Jirasiritham S, Sumethkul V, Mavichak V, Na-Bangchang K
Ramathibodi Hospital, Bangkok, Thailand.
Transplant Proc. 2004 Sep;36(7):2076-8. doi: 10.1016/j.transproceed.2004.08.087.
Mycophenolate mofetil, in addition to cyclosporine and prednisolone significantly reduces the rate of acute rejection. The original recommended dose of MMF is fixed at 2 g/day. However, Thai patients cannot tolerate this dose due to gastrointestinal adverse effects. So the majority of patients are maintained on MMF at doses ranging from 0.5 to 2 g/day, according to their tolerability with an acceptable rate of acute rejection episodes. This study sought to determine the steady state pharmacokinetics of MMF in Thai kidney transplant recipients on stable doses of MMF. Forty-six kidney transplant patients more than 3 months on a stable MMF dose of 0.5, 1, 1.5, and 2 g/day together with cyclosporine and prednisolone underwent a single pharmacokinetic blood sampling for 12 hours following the morning dose of MMF. The analysis of plasma concentrations of mycophenolic acid (MPA), the sole pharmacologically active metabolite of MMF, was performed by using an high performance liquid chromatography method. Sparse efficient sampling strategies were employed to optimize the blood sampling schedule. Hence, blood samples were collected at 0, 0.5, 2, 12 hours after the MMF dose. The sampling time was designed to best estimate AUC(0-tau) at steady state. The initial MPA-Bayesian estimator were used for MPA concentrations that would allow the best estimation of Vc, CLt, and Ka. In this study, there is a high interindividual variability in the AUC. The median MPA AUC was 34.3 ug.h/mL (range 14.1-65.4). Thirty-one of 45 (68.9%) patients had a MPA AUC within 20 to 40 ug.h/mL, which is the most reasonable risk: benefit ratio in terms of preventing acute rejection episodes. Forty-one of 45 (91.1%) patients had MPA AUC within 20 to 60 ug.h/mL, which is the MPA therapeutic range. The highest Pearson correlation coefficient of determination between MPA AUC and a single concentration was observed with MPA 2 hours (r = 0.622) Without a fixed dosing regimen, most Thai kidney transplant recipients who receive MMF as part of a maintenance immunosuppressive regimen have the MPA AUC within the therapeutic window. The single drug concentration that correlates well with the AUC is MPA at 2 hours postdose.

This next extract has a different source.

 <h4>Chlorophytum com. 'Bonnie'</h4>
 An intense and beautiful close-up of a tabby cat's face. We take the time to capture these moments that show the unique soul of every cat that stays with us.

霉酚酸酯与环孢素和泼尼松龙联用,可显著降低急性排斥反应的发生率。霉酚酸酯最初推荐剂量为固定的2克/天。然而,泰国患者由于胃肠道不良反应无法耐受该剂量。因此,大多数患者根据其耐受性及可接受的急性排斥反应发生率,维持服用0.5至2克/天剂量的霉酚酸酯。本研究旨在确定稳定服用霉酚酸酯的泰国肾移植受者体内霉酚酸酯的稳态药代动力学。46例肾移植患者在稳定服用0.5、1、1.5和2克/天剂量的霉酚酸酯及环孢素和泼尼松龙超过3个月后,于早晨服用霉酚酸酯后进行了12小时的单次药代动力学血样采集。采用高效液相色谱法分析霉酚酸(MPA)的血浆浓度,MPA是霉酚酸酯唯一具有药理活性的代谢产物。采用稀疏高效采样策略优化血样采集计划。因此,在服用霉酚酸酯后0、0.5、2、12小时采集血样。采样时间旨在最佳估计稳态下的AUC(0-tau)。使用初始MPA-贝叶斯估计器计算MPA浓度,以便最佳估计Vc、CLt和Ka。在本研究中,AUC存在较高的个体间变异性。MPA AUC的中位数为34.3微克·小时/毫升(范围14.1 - 65.4)。45例患者中有31例(68.9%)的MPA AUC在20至40微克·小时/毫升之间,就预防急性排斥反应而言,这是最合理的风险效益比。45例患者中有41例(91.1%)的MPA AUC在20至60微克·小时/毫升之间,这是MPA的治疗范围。MPA AUC与单次浓度之间的最高皮尔逊相关系数在MPA 2小时时观察到(r = 0.622)。在没有固定给药方案的情况下,大多数接受霉酚酸酯作为维持免疫抑制方案一部分的泰国肾移植受者的MPA AUC在治疗窗内。与AUC相关性良好的单次药物浓度是给药后2小时的MPA。